Bookbug, perhaps you are right. Perhaps I am going through some grief yet to be expressed. Having said that though, I feel like I've gone through 6 years of grief! Part of the difficulty is that I still have hope that the relationship may be rekindled. The downside of hope is that it makes it hard (impossible??) to let go and move on. Hope means that I am still holding on, which means the grief is inevitable. But without hope... hmmm I hate to think what the world would be without hope. So I keep hoping and suffer the inevitable pain that goes with it.

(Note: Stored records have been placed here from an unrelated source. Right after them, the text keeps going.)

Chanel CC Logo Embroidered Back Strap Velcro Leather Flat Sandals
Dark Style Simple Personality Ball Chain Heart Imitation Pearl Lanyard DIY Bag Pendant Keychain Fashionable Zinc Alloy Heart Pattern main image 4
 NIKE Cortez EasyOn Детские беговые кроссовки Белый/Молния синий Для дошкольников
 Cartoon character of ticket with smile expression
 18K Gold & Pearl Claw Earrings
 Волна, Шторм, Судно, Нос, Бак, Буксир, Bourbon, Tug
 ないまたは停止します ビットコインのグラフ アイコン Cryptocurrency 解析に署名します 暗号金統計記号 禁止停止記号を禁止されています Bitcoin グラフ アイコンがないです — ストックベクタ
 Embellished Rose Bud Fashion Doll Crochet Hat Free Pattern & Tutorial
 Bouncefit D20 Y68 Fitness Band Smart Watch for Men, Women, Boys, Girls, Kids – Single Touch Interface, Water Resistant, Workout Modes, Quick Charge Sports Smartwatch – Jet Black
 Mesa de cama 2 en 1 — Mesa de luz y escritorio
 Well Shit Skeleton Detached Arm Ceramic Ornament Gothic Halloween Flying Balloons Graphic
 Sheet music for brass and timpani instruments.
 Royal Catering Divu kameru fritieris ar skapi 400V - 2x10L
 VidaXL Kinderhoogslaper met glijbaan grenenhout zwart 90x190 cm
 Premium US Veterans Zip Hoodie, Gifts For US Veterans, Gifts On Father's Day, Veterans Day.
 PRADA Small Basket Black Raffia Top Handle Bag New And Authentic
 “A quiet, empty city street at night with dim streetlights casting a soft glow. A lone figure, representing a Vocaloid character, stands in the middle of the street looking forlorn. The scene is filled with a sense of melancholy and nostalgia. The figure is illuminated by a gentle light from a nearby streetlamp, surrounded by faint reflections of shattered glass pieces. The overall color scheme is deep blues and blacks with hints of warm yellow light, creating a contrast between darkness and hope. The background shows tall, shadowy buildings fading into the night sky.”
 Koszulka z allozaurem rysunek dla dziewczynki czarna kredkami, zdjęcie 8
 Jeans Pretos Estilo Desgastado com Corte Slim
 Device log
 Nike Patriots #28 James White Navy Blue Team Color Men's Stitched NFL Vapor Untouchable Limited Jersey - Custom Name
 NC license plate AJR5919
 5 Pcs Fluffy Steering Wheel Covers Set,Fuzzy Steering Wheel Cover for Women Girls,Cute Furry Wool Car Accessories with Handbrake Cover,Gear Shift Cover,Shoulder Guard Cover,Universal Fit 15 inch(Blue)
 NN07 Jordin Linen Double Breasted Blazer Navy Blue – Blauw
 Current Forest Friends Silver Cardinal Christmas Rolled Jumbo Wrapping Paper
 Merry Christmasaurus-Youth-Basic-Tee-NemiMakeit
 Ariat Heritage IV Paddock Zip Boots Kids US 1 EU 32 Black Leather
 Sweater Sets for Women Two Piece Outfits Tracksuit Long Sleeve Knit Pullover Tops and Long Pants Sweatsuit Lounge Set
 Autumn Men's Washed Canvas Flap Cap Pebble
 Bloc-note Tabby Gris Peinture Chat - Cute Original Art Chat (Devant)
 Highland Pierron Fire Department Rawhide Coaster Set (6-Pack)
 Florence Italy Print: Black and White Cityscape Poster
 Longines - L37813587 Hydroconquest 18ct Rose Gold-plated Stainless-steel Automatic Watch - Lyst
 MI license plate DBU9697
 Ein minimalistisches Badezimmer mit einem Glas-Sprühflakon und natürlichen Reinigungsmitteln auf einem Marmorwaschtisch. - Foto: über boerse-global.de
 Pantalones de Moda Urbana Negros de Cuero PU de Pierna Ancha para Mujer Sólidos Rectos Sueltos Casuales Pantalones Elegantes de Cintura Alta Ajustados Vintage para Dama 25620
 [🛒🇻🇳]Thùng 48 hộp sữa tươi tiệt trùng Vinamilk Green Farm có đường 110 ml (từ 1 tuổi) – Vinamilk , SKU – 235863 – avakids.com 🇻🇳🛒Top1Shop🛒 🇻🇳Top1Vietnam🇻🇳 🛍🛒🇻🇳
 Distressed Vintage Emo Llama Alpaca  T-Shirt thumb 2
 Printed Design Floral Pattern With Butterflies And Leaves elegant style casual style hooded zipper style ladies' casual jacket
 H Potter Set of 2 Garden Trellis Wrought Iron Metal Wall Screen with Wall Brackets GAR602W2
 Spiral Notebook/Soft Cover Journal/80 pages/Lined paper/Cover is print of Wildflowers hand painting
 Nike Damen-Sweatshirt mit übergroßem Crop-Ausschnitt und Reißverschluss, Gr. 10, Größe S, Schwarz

Like it says in the movie Shawshank Redemption, "hope is a dangerous thing - it can very nearly kill a man...". Funny though, without hope, the main character in the movie would never have reached true freedom.

On a positive note, the hope I have held on to has also had the effect of causing my wife and I to grapple with the situation of me loving another person and has led us to where we are now. My wife has turned around from someone staunchly monogomous to now poly! So there is hope for those couples who are mono-poly for things to change! Mind you, it took us 6 years of intense struggle, but it is possible!!

As to the other woman being open to communication, I tried a couple of months ago to arrange a meeting to talk, but it is too painful for her to see me. It is even too risky for her to open herself up to see me. It makes it tough for me because I still have unresolved questions and things to talk through, but that's just the way it is. However, our 12 year old daughter is going through kidney failure and has just started dialysis, and she heard about it and contacted my wife to send her good wishes and my wife and her have been communicating a little through text messages. Perhaps all is not completely lost???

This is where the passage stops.